Data for this exercise below:

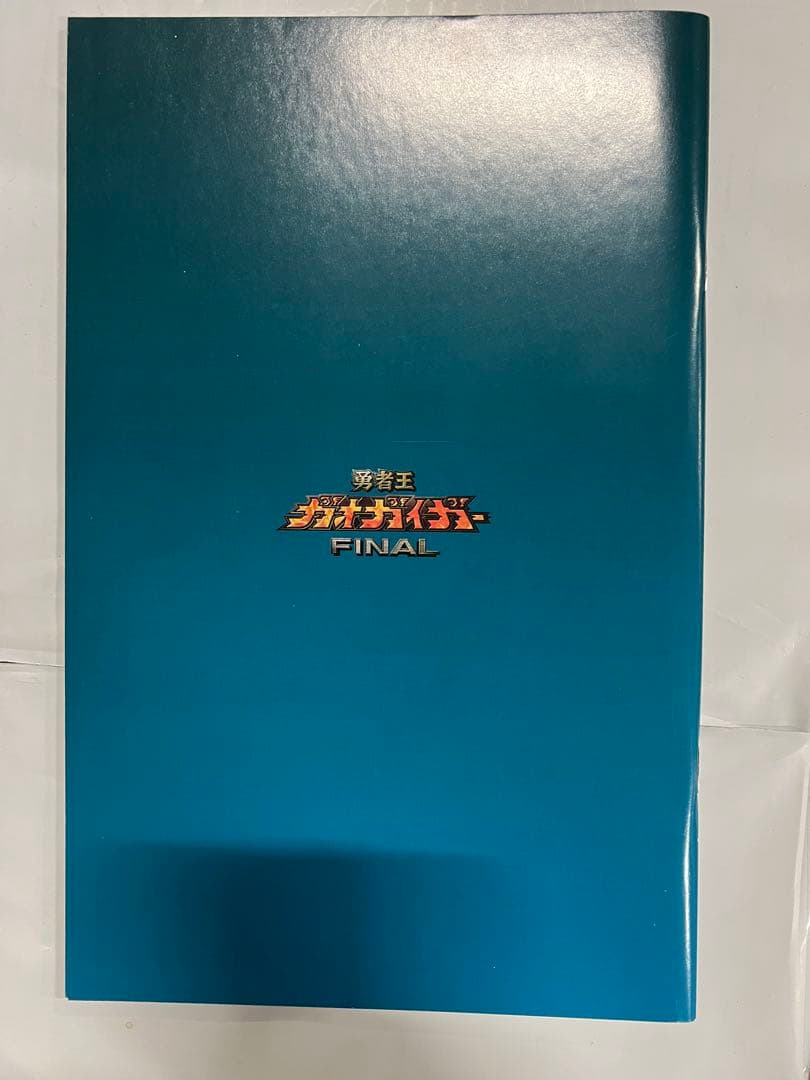ジ*ン様 新品 勇者王ガオガイガー FINAL クロスフレーム・ガール ガオファ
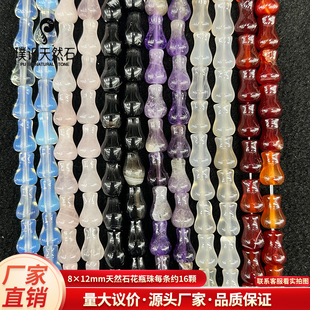 ��ƿɢ����Ȼʯ���ˮ�����۴����ֹ�diy�ִ���Ʒ����羳���u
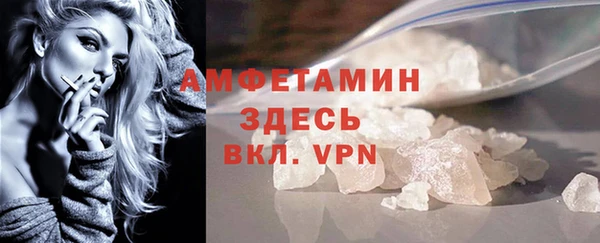 ешки Балахна
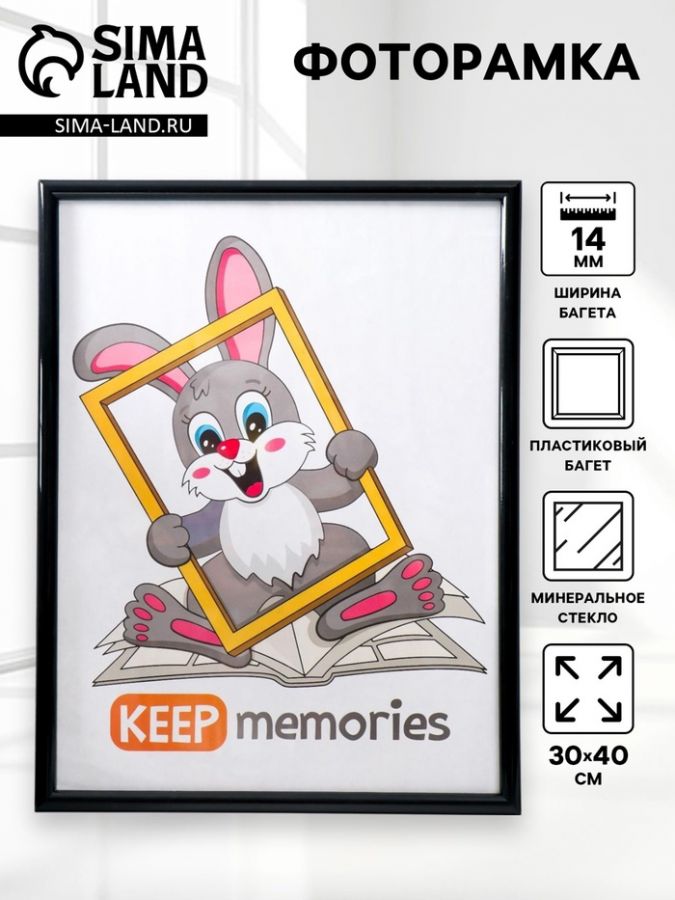 Фоторамка для фото 30?40 см Keep memories, Eliza, пластик, чёрный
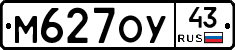 М627ОУ43 - 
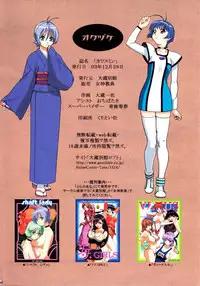 (C65) [Megami Kyouten, Ohkura Bekkan (Ohkura Kazuya)] Himegoto | Sweet Harvest (Kawasumin) (Ai Yori Aoshi) [English] [Copy Of] [Decensored]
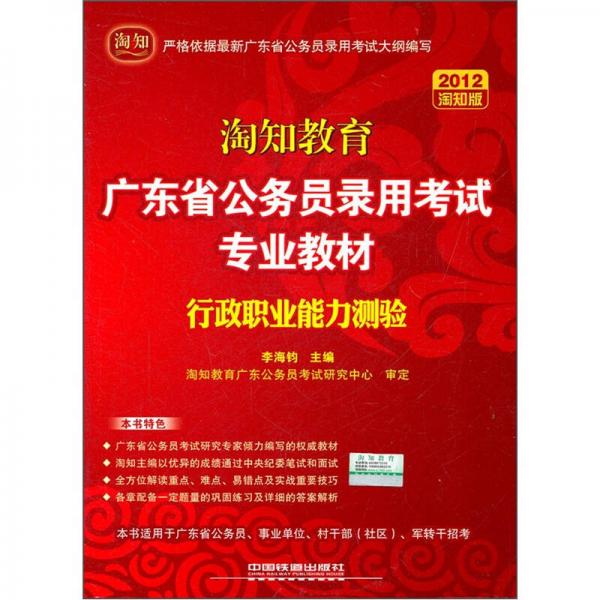 廣東省公務(wù)員錄用考試專業(yè)教材：行政職業(yè)能力測驗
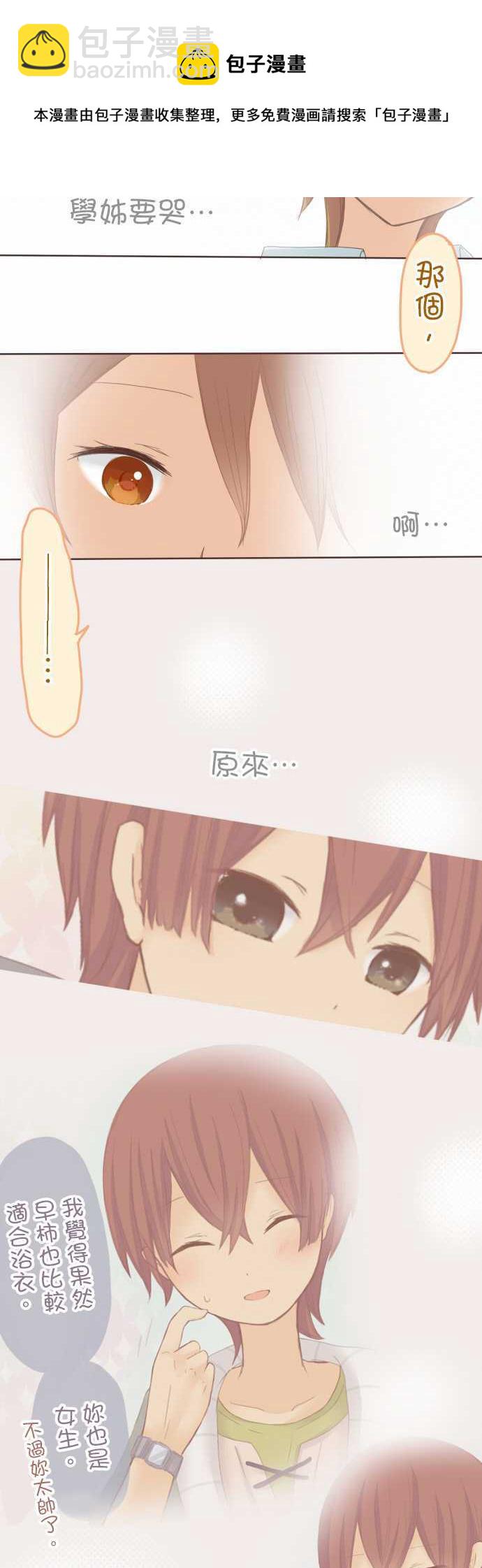 《小桃小栗 Love Love物语》第98话 第13页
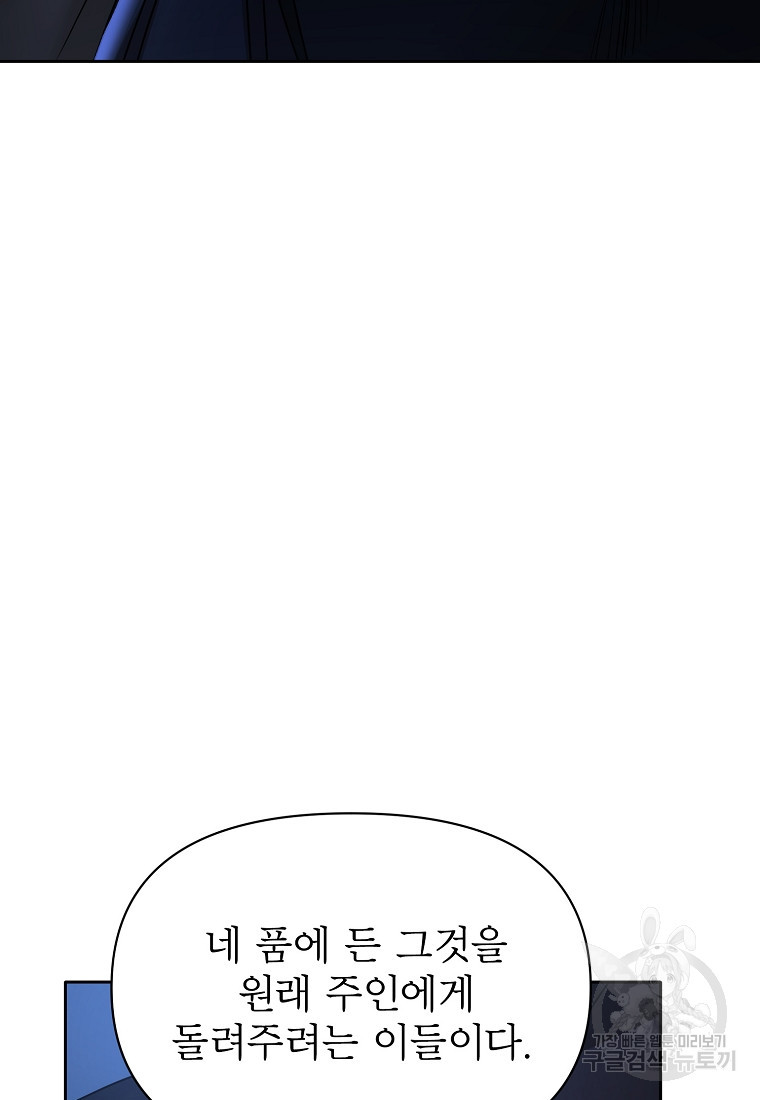 1663272425591ig77h11pexf.jpeg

End of Data for this exercise.

• _What is required_: With the pictures left out, output exactly the lines from the one with "(C65) [Megami Kyouten, Ohkura" through the end of the listing above, both ends included.

• _Solved problem_:
 (C65) [Megami Kyouten, Ohkura Bekkan (Ohkura Kazuya)] Himegoto | Sweet Harvest (Kawasumin) (Ai Yori Aoshi) [English] [Copy Of] [Decensored]
 廣東省公務(wù)員錄用考試專業(yè)教材：行政職業(yè)能力測驗
 《小桃小栗 Love Love物语》第98话 第13页
 1663272425591ig77h11pexf.jpeg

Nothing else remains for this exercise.